- Feb 27, 2010
You could almost say America began to plan for a war when it started to expand the Army and Air Force around that time (it already had a Navy that could span the globe), and appointed George C. Marshall as Army Chief of Staff in 1939. Roosevelt jumped Marshall over about several Generals more senior to him, but he was already Acting Chief of Staff, and his organising genius was recognised.I think one could look further still. 1938 perhaps and the aircraft orders placed by both France and Britain in that year?
Following the Munich Crisis both France and the UK placed significant orders for American aircraft....approx 500 each. The British sent a mission(Group Capt Arthur Harris amongst others) to USA in that year to evaluate American types. They were not particularly impressed with what they saw, judging that the B17(“Flying Fortress”) and the PBY4 Catalina to be unsuitable but did recommend that orders should be placed for training and patrol aircraft. Orders were subsequently placed for 200 Lockheed Electras high speed passenger aircraft(to be converted into Hudson martime patrol aircraft) and several hundred Texan trainers. Far larger orders followed on in 1939, 1940 etc....
The French were far less fussy/far more desperate and they placed orders for Douglas DB7 Havocs, Martin 167 Marylands bombers and Curtis P36 Bell P39 and later Cutiss P40 fighters. The French instigated the establishment of the Allied Purchasing Commission in 1939 based in New York to coordinate Anglo French orders for American aircraft. One of the leading advocates of post war European unity, Jean Monet, was central in the establishment of this office. It’s interesting to note that these French aircraft were for the very latest American types and Roosevelt approved these orders inspite of serious objections by the American army.

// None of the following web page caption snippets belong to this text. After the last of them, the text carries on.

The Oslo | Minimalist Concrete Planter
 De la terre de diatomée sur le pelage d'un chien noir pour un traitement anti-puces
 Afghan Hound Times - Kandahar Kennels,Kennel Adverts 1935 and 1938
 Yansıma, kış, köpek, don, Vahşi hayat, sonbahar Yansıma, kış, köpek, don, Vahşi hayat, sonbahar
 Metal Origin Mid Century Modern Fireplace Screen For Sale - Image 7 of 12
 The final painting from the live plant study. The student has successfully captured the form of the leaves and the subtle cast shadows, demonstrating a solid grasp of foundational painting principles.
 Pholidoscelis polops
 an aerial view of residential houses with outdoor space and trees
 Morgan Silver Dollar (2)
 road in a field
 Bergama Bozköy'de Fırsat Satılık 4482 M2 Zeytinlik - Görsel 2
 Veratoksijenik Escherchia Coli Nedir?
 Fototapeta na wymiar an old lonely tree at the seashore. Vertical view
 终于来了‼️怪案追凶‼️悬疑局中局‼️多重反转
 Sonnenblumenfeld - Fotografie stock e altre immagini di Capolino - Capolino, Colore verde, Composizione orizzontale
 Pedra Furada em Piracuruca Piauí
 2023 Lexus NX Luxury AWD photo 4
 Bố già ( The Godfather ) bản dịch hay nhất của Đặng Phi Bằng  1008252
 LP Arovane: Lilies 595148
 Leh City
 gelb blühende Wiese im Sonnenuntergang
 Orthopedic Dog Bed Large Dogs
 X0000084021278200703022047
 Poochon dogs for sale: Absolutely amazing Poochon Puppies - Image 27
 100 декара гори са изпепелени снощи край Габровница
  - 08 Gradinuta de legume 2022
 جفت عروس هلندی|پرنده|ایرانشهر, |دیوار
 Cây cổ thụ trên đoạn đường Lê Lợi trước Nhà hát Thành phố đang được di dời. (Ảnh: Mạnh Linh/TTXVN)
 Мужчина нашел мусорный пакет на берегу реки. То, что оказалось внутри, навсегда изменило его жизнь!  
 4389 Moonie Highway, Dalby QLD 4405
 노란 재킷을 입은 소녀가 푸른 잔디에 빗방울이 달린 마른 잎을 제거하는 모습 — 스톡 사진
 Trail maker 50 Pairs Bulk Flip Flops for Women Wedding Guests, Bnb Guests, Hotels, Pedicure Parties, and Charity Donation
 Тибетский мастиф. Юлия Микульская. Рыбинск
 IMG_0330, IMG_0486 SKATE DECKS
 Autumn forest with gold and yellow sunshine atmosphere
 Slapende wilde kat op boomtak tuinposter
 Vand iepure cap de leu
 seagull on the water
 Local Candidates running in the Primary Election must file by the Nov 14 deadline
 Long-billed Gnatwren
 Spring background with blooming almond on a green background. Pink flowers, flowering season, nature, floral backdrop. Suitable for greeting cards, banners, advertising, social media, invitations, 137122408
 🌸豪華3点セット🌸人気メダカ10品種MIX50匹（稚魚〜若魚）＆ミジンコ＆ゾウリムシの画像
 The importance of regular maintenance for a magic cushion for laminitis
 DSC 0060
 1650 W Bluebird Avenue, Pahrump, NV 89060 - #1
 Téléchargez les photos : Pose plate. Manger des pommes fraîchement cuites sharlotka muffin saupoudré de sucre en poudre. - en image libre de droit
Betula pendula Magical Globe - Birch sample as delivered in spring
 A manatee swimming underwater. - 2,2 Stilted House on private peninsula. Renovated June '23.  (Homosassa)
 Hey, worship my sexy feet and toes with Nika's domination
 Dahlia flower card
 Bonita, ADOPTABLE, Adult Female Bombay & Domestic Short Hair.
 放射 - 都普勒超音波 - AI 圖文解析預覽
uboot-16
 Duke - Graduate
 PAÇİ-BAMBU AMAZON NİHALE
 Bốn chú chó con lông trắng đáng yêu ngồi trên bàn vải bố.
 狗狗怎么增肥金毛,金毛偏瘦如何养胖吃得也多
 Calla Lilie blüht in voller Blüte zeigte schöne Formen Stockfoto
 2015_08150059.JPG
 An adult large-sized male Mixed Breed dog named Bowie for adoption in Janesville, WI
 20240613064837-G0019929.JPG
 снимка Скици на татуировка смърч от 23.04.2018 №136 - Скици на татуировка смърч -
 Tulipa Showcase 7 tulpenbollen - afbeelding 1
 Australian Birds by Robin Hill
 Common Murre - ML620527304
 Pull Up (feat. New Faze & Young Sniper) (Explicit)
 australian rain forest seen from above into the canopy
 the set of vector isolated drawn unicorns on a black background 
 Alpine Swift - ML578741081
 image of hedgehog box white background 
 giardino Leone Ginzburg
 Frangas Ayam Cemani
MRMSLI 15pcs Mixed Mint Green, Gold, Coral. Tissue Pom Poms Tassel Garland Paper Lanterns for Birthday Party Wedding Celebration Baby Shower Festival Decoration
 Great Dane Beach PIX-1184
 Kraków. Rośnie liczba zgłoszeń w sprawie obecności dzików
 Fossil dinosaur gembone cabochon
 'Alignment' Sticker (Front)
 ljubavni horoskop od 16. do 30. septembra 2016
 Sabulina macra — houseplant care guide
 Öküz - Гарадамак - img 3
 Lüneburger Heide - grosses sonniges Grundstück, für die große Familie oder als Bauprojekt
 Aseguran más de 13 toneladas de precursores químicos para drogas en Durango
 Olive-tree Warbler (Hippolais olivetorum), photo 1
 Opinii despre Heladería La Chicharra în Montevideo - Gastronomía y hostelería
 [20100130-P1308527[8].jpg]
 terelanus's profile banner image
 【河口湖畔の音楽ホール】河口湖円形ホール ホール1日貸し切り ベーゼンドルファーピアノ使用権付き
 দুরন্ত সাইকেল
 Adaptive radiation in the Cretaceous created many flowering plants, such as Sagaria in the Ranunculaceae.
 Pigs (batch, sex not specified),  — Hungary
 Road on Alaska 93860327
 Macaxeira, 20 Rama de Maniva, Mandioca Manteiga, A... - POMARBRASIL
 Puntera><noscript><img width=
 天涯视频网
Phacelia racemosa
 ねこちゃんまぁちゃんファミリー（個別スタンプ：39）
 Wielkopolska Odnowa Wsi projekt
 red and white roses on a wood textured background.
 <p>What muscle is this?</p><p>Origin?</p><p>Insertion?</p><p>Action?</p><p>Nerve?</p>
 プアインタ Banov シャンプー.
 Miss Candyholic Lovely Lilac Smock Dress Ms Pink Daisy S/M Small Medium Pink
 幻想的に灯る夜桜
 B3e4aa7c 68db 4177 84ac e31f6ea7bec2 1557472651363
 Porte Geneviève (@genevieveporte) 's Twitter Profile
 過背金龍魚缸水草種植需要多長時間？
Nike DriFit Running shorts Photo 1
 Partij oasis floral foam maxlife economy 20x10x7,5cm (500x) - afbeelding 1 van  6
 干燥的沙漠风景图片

Prefiguring his public Arsenal of Democracy statement Roosevelt privately assured Chamberlain in December 1938 that he would “have the industrial rescources of the American nation behind him in the event of war with the dictatorships”.
The speed that the US went from having the 17th largest army (I think) in the world to one of the largest, probably the most mechanised and best supplied, was nothing short of stunning. It says something about the character of the nation, and it did shorten the war.